Computer Vision suggests monotypic genera

Not sure if this is exactly a bug, but the auto-ID sometimes suggests monotypic genera. For example, this observation: https://www.inaturalist.org/observations/24639253 suggests the genus Sanguinaria. There is only one species of Sanguinaria. This seems to imply that it is more confident in the genus than the species which makes no sense:
image

There are no research grade observations at the genus level: https://www.inaturalist.org/observations?lrank=genus&place_id=any&subview=table&taxon_id=51045

2 Likes

It’s to do with the way Computer Vision technologies like this one work. You can only effectively train them at one level. In this case, it’s species level.

Where possible, the system then takes that species data, and mashes it together to try and predict a genus.

So what you’re seeing here is two different processes. The first is the raw confidence data for the observation, displayed as a list of species. The second is the result of a calculation of that data to work out whether it passes the required threshold to predict a genus.

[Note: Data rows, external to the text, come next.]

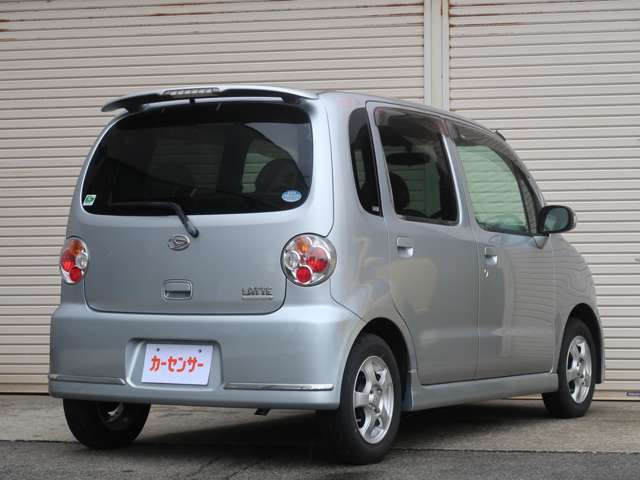 ダイハツ ムーヴラテ クール ターボ の中古車詳細 (125,000km 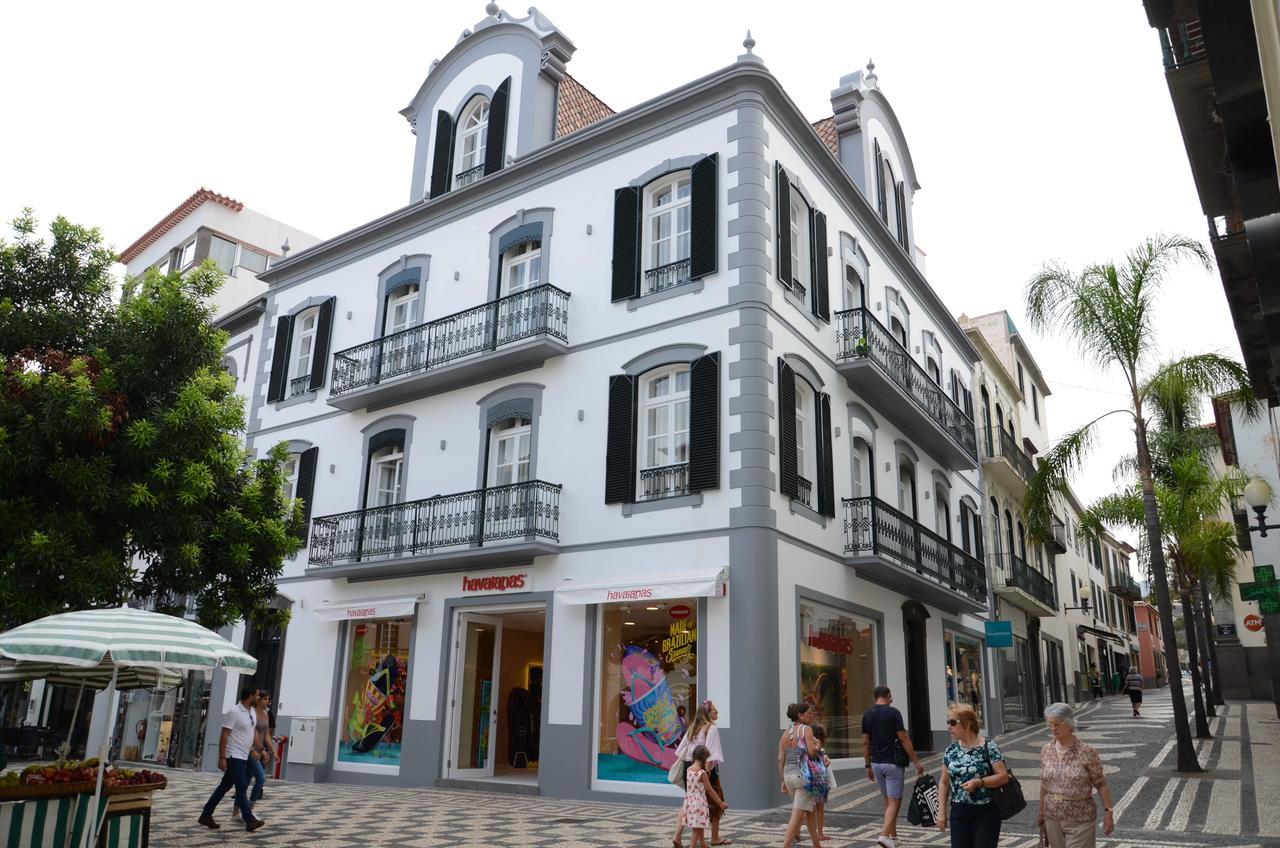 דירות פונשל Edificio Charles 103 מראה חיצוני תמונה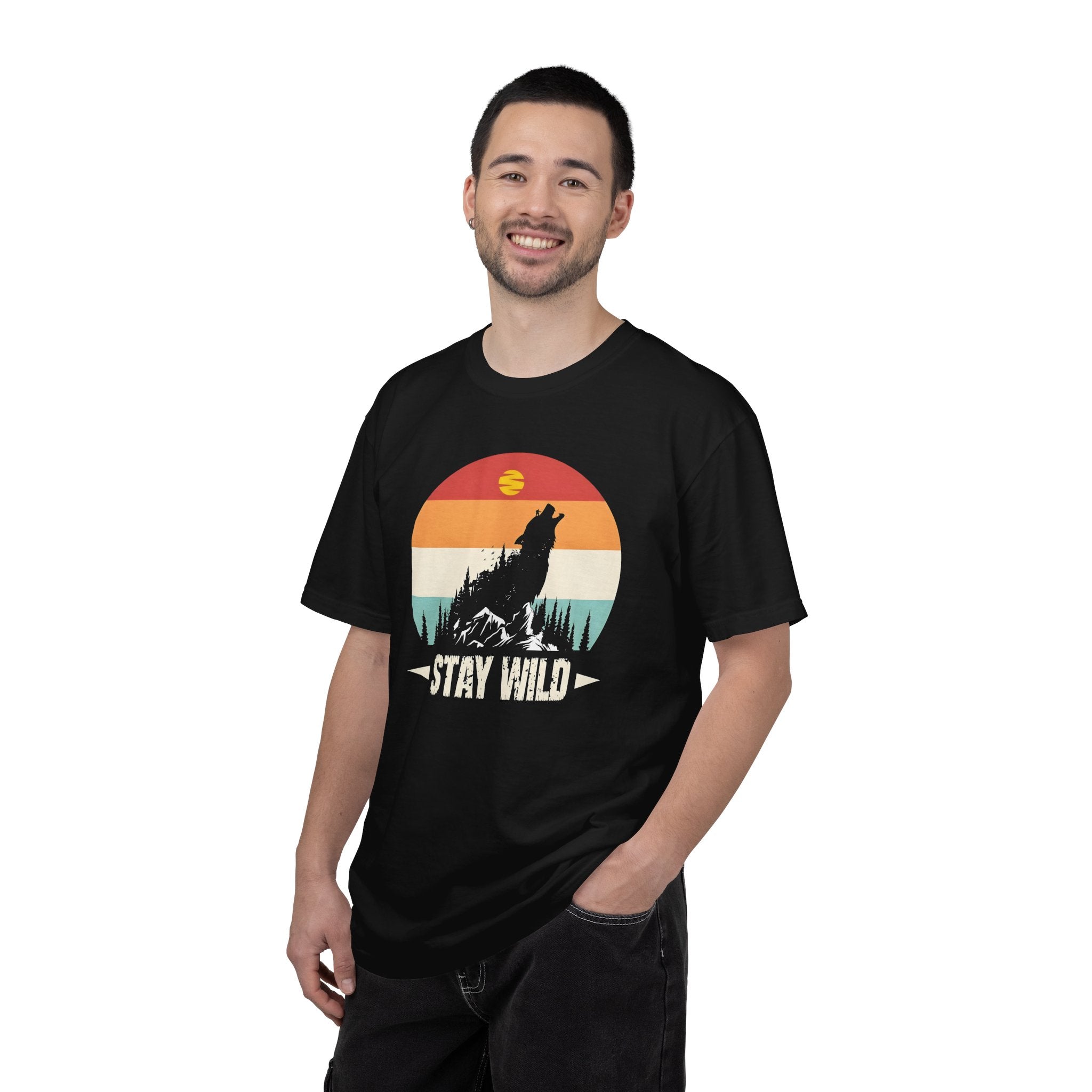 Unisex Classic Crew T-Shirt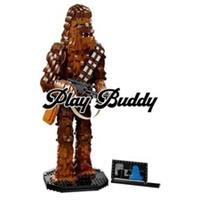 Star Wars Chewbacca (75371) 2319PCS MOC Building Blocks w/ 1 Figure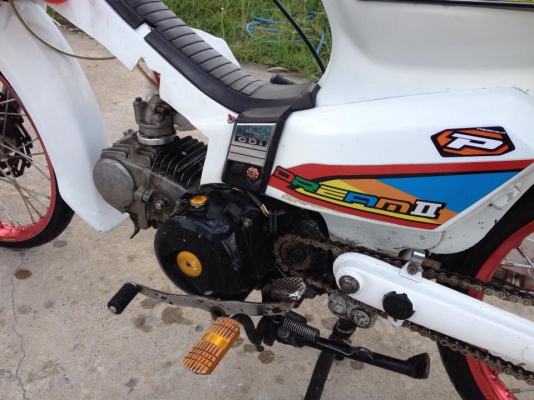 ขายดรีมสภาพสวย ขายดรีมสภาพสวย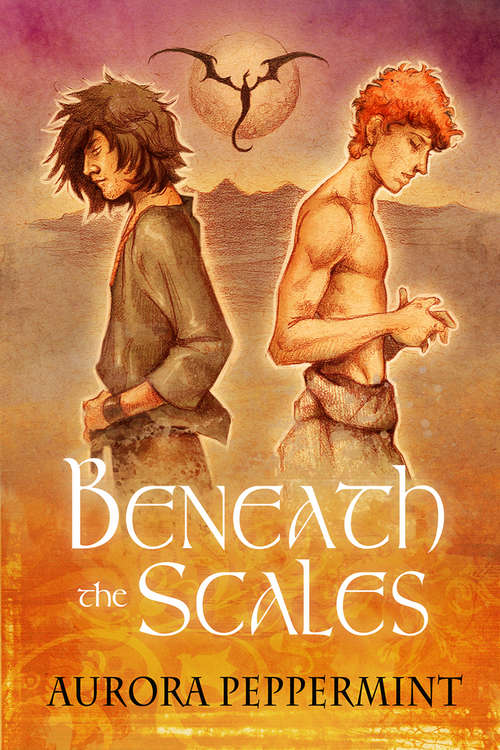 Book cover of Beneath the Scales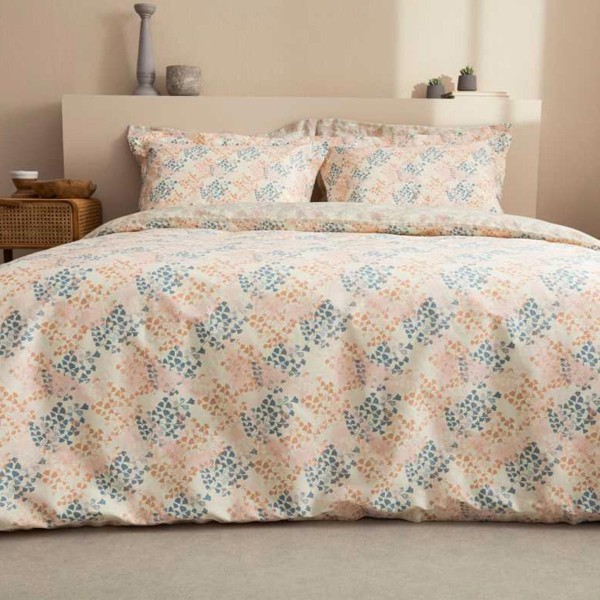 Κουβερλί Υπέρδιπλο (230x270) 2 Όψεων  Vesta Home Lydia-1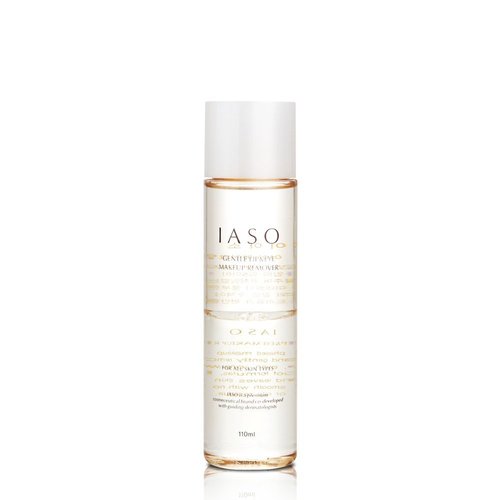 IASO Gentle Lip & Eye Makeup Remover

When doing the genus calculation, the system only uses the relatively short list of possible matches (the species list you can see), so it knows there’s one possible match in the Sanguinaria genus, but doesn’t bother to see if there are any that didn’t make the list. Obviously though, it was quite confident on S. canadensis, because that one species was enough to pass the threshold for genus prediction

2 Likes

I believe there is a way for curators to mark any taxon as “complete” (containing all of its descendants) in iNaturalist. Seems like it wouldn’t be too hard to have the system check for this status, check the number of descendant species in the system, and always provide the species taxon if the suggested taxon is complete and monospecific.

2 Likes

I think that is making it unnecessarily complicated. It gives both genus and species, states it has high confidence in the genus and lists species as the first option in the list. To me, that’s a win!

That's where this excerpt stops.